Work order
Copy the lines below exactly, starting at the one with "Thempo New St Example 3" and ending at the one with "Carsio tailored carpet", and leave out any picture.

====== Provided data ======

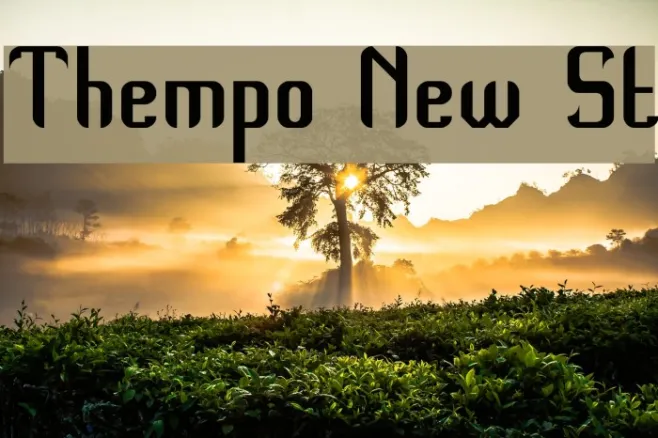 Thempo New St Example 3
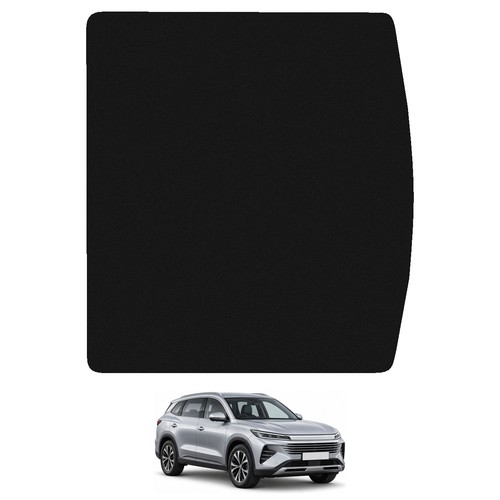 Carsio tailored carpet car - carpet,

======
====== Provided data ======

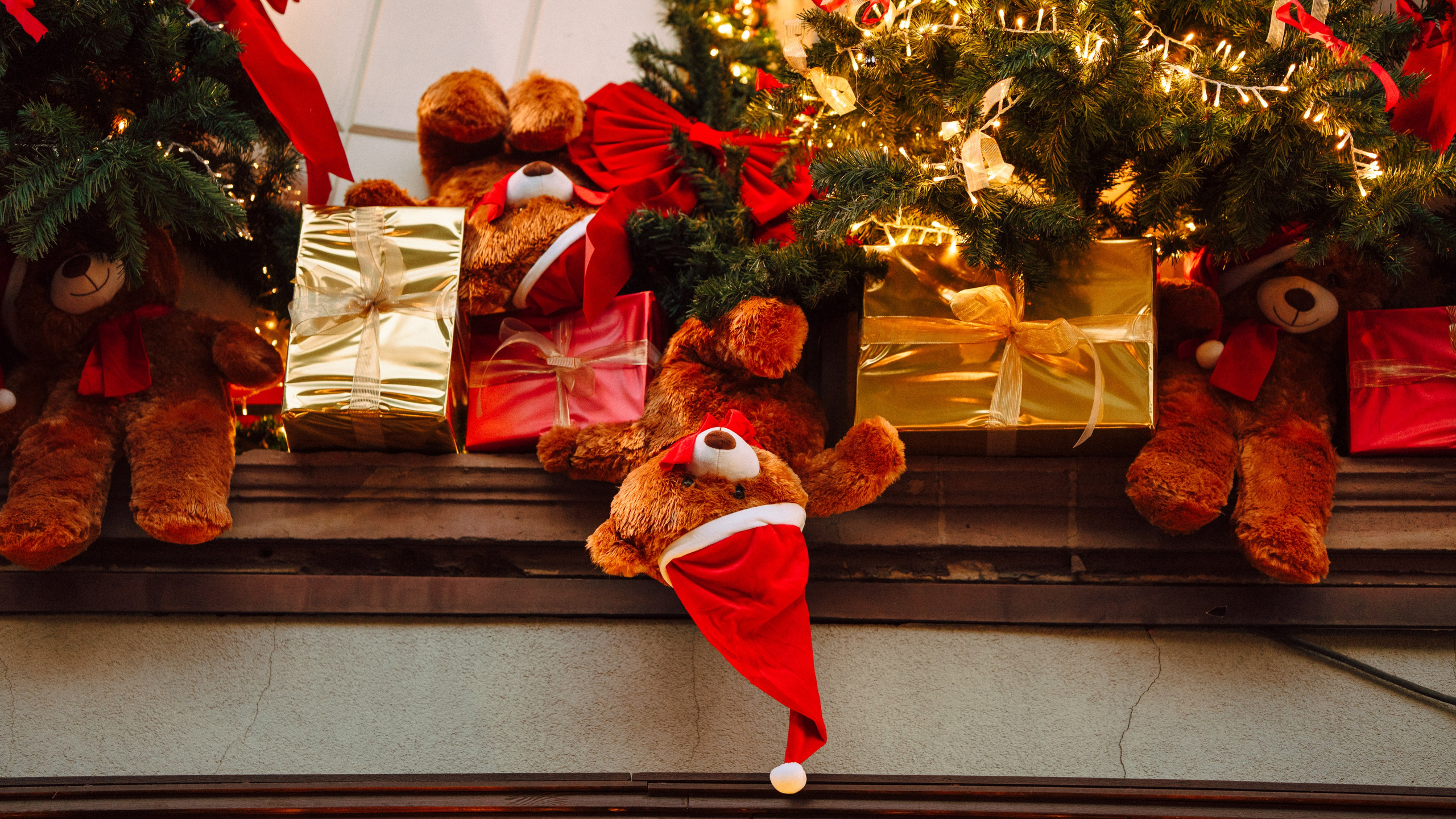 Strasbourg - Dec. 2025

======

Exercise answer
 Thempo New St Example 3
 Carsio tailored carpet car - carpet,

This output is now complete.